Causes of Childhood Cancer

  • Every family is potentially at risk.
  • In almost all cases, childhood cancers arise from non-inherited mutations (or changes) in the genes of growing cells.
  • As these errors occur randomly and unpredictably, there is currently no effective way to predict or prevent them.
  • Most adult cancers result from lifestyle factors such as smoking, diet, occupational hazards and exposure to other cancer causing agents.

Cancer Research Funding

  • Nationally, childhood cancer is 20x more prevalent than pediatric AIDS.
  • Pediatric AIDS receives 4x the funding that childhood cancer receives.
  • In one month there are 2x as many deaths from childhood cancer as pediatric AIDS for the entire year.
  • In the U.S. almost 3,000 children do not survive cancer each year.
  • Over the past 20 years, only TWO new cancer drug has been approved for pediatric use - Clofarabine (Clolar-Genzyme) in 2004 for ALL and Tenoposide (Vumar/VM-26-BMS) in 1990.
  • Only 3% of the National Cancer Institute Budget goes toward Pediatric Cancer Research.
  • September is Pediatric Cancer Awareness Month, which nationally goes unrecognized.
  • The federal government recently cut the budget for Childhood Cancer Research.
  • Currently there are between 30 - 40,000 children undergoing cancer treatment in the U.S.
  • Young patients often have a more advanced stage of cancer when first diagnosed. Approximately 20% of adults with cancer show evidence the disease has spread, yet almost 80% of children show that the cancer has spread at diagnosis.
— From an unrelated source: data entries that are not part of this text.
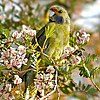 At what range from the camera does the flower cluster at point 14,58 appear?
1.11 meters

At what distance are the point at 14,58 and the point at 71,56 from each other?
0.73ft

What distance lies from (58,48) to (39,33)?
9 cm

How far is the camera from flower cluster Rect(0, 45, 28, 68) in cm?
111

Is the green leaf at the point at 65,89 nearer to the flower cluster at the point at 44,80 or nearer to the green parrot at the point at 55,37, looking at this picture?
the green parrot at the point at 55,37

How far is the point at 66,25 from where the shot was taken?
160 centimetres

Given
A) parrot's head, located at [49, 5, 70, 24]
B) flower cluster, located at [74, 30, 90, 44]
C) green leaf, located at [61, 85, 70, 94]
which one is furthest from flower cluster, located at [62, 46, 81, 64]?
parrot's head, located at [49, 5, 70, 24]

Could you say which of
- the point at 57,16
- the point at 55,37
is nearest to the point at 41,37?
the point at 55,37

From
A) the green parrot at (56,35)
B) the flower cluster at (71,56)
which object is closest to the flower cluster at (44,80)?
the flower cluster at (71,56)

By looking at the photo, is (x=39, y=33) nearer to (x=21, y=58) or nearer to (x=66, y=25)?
(x=66, y=25)

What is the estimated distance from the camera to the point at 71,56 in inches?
49.6

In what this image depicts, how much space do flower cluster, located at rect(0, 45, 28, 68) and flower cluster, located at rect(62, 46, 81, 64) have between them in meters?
0.18

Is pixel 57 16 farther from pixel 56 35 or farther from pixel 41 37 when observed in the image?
pixel 41 37

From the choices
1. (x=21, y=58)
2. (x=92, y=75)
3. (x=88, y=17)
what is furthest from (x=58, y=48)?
(x=88, y=17)

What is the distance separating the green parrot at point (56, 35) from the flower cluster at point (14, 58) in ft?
0.90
  • Today, up to 75% of the children with cancer can be cured, yet some forms of childhood cancer have proven so resistant to treatment that, in spite of research, a cure is illusive.
  • As a nation, we spend over $14 BILLION per year on the space program, but only $35 million on Childhood Cancer Research each year.
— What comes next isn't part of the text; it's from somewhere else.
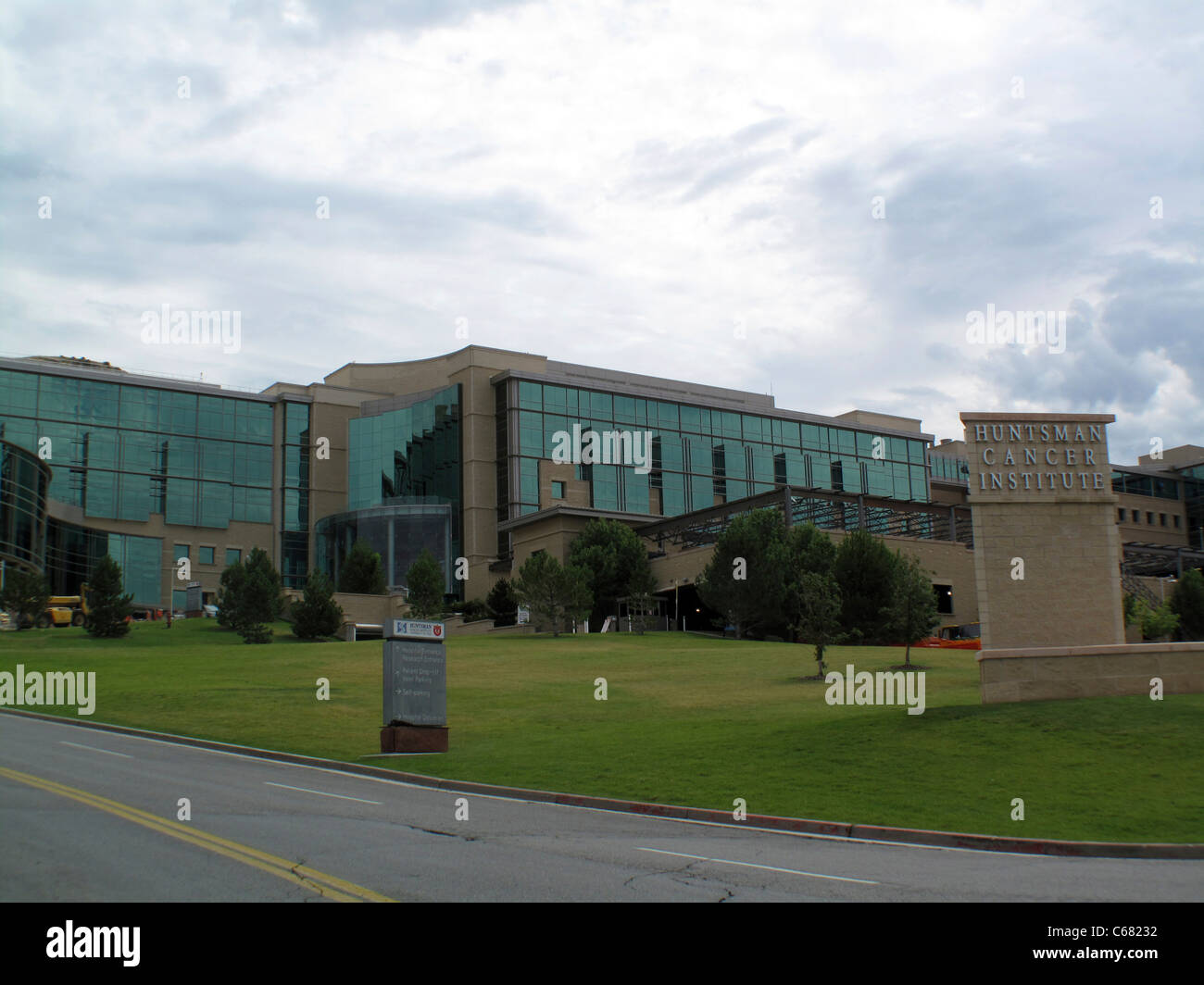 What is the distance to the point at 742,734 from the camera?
23.8 meters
  • There are 15 children diagnosed with cancer for every one child diagnosed with pediatric AIDS. Yet, the U.S. invests approximately $595,000 for research per victim of pediatric AIDS and only $20,000 for each victim of childhood cancer.
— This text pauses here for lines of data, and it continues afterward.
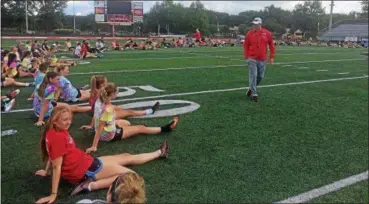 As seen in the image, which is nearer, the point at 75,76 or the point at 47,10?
the point at 75,76

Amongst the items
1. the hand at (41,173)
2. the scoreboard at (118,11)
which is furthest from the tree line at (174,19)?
the hand at (41,173)

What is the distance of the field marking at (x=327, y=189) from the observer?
4.03m

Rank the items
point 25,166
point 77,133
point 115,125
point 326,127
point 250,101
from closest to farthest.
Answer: point 25,166, point 115,125, point 77,133, point 326,127, point 250,101

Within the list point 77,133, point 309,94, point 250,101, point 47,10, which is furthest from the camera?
point 47,10

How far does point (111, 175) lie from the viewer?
Result: 4176mm

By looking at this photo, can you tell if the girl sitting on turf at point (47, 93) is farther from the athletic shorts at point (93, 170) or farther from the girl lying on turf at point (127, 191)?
the girl lying on turf at point (127, 191)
  • The National Cancer Institute's (NCI) federal budget for 2003 was $4.6 billion. Of that, breast cancer received 12%, prostate cancer received 7%, and all 12 major groups of pediatric cancers combined received less than 3%.
  • Research funds are scarce as most money is diverted to well-publicized adult forms of cancer, such as breast and prostate.
  • In 2005, the American Cancer Society provided only 2.5% of funded grants, or 1.85% of dollars spent on research to pediatric cancer.